Now, progressives are crying foul, saying Obama is abandoning real reform in favor of a watered down alternative. It is, as New York Times columnist Bob Herbert accurately describes it, “like sending a peewee footballers against the Super Bowl champs” when it comes to co-ops vs. big insurance. So the question must be asked, why? Why is the administration making so many concessions?

Do they not see that for some of those who oppose healthcare reform, Obama himself is the issue? Maybe the president is having trouble digesting the ugliness that came out of so many of those town halls. But he doesn’t seem to understand that nothing will mollify that small segment of the American public. Nothing, that is, short of his resignation.

You can say it’s racial, you can say it’s generational, whatever. There is a loud minority in America who see “their country” slipping away from them. They see Barack Obama and his agenda as the cause of that slippage, and they don’t like it one bit. Ditching the public option gives emboldens them like nothing else could. It tells them, “we’re winning”.

Worse yet, big business is winning. They’re the ones bankrolling the politicians and in some cases the groups that are ¬†loudest in opposing reform. They’re the ones whose bottom lines will get fatter if costs aren’t controlled. And they’ll have a giant new pool of clients if everyone’s required to purchase insurance.

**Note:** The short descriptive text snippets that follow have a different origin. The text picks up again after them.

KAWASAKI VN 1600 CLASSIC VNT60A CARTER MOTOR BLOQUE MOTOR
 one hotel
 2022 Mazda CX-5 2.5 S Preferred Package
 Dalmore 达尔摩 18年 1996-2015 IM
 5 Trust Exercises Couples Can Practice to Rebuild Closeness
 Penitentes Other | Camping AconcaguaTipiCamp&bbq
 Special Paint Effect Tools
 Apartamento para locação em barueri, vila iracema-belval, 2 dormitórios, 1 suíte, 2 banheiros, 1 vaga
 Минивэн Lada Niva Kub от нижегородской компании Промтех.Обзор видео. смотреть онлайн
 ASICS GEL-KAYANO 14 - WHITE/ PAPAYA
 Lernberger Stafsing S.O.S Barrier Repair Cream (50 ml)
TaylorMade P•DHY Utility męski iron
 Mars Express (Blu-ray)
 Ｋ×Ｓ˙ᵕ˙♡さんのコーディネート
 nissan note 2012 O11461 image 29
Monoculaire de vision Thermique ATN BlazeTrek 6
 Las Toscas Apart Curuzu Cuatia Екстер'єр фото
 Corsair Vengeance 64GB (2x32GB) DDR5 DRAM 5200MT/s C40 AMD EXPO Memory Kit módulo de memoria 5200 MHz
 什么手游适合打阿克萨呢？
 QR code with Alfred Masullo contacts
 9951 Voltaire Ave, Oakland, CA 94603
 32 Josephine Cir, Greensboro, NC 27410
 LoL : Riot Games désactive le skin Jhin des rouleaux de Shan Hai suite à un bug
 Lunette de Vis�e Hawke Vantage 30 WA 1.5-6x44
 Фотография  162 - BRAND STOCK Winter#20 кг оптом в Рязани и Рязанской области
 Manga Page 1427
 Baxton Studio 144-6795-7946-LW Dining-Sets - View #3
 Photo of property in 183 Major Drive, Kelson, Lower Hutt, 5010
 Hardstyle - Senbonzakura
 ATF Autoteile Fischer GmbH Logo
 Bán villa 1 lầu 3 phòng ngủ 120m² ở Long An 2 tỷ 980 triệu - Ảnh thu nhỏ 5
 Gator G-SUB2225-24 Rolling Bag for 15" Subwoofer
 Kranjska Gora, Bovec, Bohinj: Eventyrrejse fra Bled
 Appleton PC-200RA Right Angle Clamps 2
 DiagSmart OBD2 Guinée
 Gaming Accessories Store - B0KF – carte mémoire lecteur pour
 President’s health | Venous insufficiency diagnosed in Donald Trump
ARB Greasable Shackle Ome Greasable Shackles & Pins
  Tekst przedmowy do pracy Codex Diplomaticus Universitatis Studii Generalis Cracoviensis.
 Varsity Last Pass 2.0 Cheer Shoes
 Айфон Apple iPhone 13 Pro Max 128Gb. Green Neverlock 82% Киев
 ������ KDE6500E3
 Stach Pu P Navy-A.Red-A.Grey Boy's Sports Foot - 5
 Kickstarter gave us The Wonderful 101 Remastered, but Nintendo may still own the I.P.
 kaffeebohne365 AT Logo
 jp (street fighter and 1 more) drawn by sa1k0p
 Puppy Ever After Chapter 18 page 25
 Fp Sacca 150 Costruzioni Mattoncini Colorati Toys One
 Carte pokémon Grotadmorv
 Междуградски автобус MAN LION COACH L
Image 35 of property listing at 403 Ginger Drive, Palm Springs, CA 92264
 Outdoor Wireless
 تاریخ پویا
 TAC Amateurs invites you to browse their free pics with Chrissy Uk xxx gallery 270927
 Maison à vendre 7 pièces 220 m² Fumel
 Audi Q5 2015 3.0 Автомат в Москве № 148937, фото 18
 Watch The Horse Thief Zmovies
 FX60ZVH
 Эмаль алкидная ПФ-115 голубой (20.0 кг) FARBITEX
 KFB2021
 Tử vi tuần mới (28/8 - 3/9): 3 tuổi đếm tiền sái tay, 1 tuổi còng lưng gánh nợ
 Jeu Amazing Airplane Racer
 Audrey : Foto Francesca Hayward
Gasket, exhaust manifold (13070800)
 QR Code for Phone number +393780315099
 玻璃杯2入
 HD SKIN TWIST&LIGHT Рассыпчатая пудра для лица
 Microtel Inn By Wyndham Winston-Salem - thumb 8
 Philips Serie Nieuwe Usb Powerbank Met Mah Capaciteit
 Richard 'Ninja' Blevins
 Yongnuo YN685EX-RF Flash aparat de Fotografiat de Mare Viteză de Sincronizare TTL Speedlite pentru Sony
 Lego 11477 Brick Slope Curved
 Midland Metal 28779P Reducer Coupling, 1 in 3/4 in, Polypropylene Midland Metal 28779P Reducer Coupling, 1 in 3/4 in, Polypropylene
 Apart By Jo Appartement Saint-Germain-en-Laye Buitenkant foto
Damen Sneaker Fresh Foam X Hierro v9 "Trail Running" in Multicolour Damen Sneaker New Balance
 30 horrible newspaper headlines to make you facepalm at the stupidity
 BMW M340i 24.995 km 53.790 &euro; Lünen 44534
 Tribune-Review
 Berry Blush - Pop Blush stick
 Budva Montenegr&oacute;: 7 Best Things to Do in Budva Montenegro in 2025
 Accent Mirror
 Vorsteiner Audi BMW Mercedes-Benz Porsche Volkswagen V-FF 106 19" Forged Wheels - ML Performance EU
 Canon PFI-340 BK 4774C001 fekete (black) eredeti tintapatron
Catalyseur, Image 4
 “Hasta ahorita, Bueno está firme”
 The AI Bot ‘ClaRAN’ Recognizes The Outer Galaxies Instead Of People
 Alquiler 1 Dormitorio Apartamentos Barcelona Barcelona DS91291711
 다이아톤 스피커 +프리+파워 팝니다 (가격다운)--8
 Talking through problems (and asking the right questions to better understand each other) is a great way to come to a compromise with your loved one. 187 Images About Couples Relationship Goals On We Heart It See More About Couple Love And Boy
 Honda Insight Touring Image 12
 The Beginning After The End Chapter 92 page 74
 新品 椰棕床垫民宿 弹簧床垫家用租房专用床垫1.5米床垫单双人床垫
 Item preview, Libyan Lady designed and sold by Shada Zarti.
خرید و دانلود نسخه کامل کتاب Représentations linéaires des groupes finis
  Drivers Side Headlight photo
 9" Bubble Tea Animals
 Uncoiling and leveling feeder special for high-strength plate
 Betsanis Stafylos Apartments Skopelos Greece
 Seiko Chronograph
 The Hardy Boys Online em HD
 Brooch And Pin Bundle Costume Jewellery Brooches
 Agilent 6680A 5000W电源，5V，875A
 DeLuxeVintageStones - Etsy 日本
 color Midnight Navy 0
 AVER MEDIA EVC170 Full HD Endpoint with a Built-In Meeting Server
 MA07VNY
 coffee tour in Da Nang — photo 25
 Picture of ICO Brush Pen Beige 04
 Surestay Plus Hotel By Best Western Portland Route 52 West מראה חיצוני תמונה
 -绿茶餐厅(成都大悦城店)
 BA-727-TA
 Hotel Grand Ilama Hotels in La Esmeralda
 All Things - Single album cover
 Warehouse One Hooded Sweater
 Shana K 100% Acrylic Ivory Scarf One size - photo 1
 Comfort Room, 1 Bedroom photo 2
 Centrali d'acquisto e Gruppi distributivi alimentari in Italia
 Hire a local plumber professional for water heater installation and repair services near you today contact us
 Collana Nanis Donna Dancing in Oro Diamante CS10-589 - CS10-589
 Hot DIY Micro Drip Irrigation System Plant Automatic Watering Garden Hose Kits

And what does the public get? Not a whole lot.

I for one understand politics well enough to know you don’t always get what you want, that compromise is part of the game, a necessary one if you talk to those who play it.

But at what price? You tell me.

Are Progressives Wimps?

Do Progressives need to learn how to fight? Progressives (and I count myself among them) do fight, it’s just that too often the fight is among ourselves.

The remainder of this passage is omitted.